Given data:

.....

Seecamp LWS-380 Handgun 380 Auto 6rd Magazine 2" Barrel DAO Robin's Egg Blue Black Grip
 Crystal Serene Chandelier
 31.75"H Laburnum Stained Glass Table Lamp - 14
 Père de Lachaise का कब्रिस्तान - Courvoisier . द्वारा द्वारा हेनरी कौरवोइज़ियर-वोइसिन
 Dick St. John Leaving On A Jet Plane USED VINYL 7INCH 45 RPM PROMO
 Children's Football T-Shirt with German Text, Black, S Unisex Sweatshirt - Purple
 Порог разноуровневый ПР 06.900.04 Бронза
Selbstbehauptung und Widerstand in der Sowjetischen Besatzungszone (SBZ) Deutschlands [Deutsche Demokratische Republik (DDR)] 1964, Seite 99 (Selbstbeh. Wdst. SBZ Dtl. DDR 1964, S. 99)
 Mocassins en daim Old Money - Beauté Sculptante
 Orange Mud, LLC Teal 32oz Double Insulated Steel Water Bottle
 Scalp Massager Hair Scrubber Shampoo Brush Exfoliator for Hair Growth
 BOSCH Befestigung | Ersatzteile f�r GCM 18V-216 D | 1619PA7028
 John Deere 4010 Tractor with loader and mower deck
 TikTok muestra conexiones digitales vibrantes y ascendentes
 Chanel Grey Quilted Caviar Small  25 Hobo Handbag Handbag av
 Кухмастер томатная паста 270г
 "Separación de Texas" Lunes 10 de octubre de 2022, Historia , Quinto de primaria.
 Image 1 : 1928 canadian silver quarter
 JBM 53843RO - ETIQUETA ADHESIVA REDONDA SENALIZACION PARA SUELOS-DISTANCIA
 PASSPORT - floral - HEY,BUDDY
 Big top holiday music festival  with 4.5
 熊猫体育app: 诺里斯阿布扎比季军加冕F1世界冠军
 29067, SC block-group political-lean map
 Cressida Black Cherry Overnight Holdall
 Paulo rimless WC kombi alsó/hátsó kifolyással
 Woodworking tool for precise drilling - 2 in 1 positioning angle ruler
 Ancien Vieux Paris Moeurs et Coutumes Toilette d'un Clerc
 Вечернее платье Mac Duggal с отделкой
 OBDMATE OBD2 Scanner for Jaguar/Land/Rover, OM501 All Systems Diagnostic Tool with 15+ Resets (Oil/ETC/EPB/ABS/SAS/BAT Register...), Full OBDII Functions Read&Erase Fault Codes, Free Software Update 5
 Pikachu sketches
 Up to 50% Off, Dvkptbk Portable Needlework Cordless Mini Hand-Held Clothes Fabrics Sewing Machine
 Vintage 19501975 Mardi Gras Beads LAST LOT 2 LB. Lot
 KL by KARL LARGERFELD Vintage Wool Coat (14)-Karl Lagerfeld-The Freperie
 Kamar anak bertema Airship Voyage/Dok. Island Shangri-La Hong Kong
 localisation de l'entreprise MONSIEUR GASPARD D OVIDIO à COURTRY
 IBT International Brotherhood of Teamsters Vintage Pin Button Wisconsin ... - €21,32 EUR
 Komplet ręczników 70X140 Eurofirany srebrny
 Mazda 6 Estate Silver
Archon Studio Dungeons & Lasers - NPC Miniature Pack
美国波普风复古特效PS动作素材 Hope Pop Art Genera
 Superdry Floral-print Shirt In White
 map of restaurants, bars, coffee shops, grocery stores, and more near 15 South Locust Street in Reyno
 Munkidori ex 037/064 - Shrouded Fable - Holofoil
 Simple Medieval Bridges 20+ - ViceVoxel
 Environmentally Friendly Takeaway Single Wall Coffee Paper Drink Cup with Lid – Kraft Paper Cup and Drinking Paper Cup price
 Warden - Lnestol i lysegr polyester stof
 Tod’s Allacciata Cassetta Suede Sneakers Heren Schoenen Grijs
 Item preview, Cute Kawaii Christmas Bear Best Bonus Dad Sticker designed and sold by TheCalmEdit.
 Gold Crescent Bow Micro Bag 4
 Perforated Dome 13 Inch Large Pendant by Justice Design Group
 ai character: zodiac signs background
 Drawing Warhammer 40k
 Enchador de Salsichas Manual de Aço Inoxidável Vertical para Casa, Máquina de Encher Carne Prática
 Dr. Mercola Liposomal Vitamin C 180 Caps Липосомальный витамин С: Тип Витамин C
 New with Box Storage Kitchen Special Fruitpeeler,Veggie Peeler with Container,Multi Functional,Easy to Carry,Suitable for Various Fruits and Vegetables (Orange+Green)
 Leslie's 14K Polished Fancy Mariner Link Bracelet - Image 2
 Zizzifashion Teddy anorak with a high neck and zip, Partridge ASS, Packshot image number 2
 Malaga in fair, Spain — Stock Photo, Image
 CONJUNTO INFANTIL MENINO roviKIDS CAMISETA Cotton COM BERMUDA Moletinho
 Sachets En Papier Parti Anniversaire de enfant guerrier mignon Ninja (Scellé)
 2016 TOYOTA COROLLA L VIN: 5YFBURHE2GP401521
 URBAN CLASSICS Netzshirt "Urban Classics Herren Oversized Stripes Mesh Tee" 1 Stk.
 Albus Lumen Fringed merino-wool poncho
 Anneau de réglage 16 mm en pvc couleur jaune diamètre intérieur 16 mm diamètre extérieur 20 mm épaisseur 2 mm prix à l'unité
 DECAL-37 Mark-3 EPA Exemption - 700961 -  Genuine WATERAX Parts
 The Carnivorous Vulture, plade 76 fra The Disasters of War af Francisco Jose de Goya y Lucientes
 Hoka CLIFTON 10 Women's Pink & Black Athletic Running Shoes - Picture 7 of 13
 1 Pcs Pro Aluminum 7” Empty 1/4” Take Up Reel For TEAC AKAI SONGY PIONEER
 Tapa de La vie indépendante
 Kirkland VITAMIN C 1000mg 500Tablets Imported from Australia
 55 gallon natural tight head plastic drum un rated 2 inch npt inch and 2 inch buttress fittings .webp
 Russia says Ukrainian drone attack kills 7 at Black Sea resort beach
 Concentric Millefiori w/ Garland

.....

Directions: Only one stretch of the records above is wanted: the lines between the one holding "KL by KARL LARGERFELD" and the one holding "Tod’s Allacciata Cassetta", inclusive, reproduced exactly.

Reply to the task:
 KL by KARL LARGERFELD Vintage Wool Coat (14)-Karl Lagerfeld-The Freperie
 Kamar anak bertema Airship Voyage/Dok. Island Shangri-La Hong Kong
 localisation de l'entreprise MONSIEUR GASPARD D OVIDIO à COURTRY
 IBT International Brotherhood of Teamsters Vintage Pin Button Wisconsin ... - €21,32 EUR
 Komplet ręczników 70X140 Eurofirany srebrny
 Mazda 6 Estate Silver
Archon Studio Dungeons & Lasers - NPC Miniature Pack
美国波普风复古特效PS动作素材 Hope Pop Art Genera
 Superdry Floral-print Shirt In White
 map of restaurants, bars, coffee shops, grocery stores, and more near 15 South Locust Street in Reyno
 Munkidori ex 037/064 - Shrouded Fable - Holofoil
 Simple Medieval Bridges 20+ - ViceVoxel
 Environmentally Friendly Takeaway Single Wall Coffee Paper Drink Cup with Lid – Kraft Paper Cup and Drinking Paper Cup price
 Warden - Lnestol i lysegr polyester stof
 Tod’s Allacciata Cassetta Suede Sneakers Heren Schoenen Grijs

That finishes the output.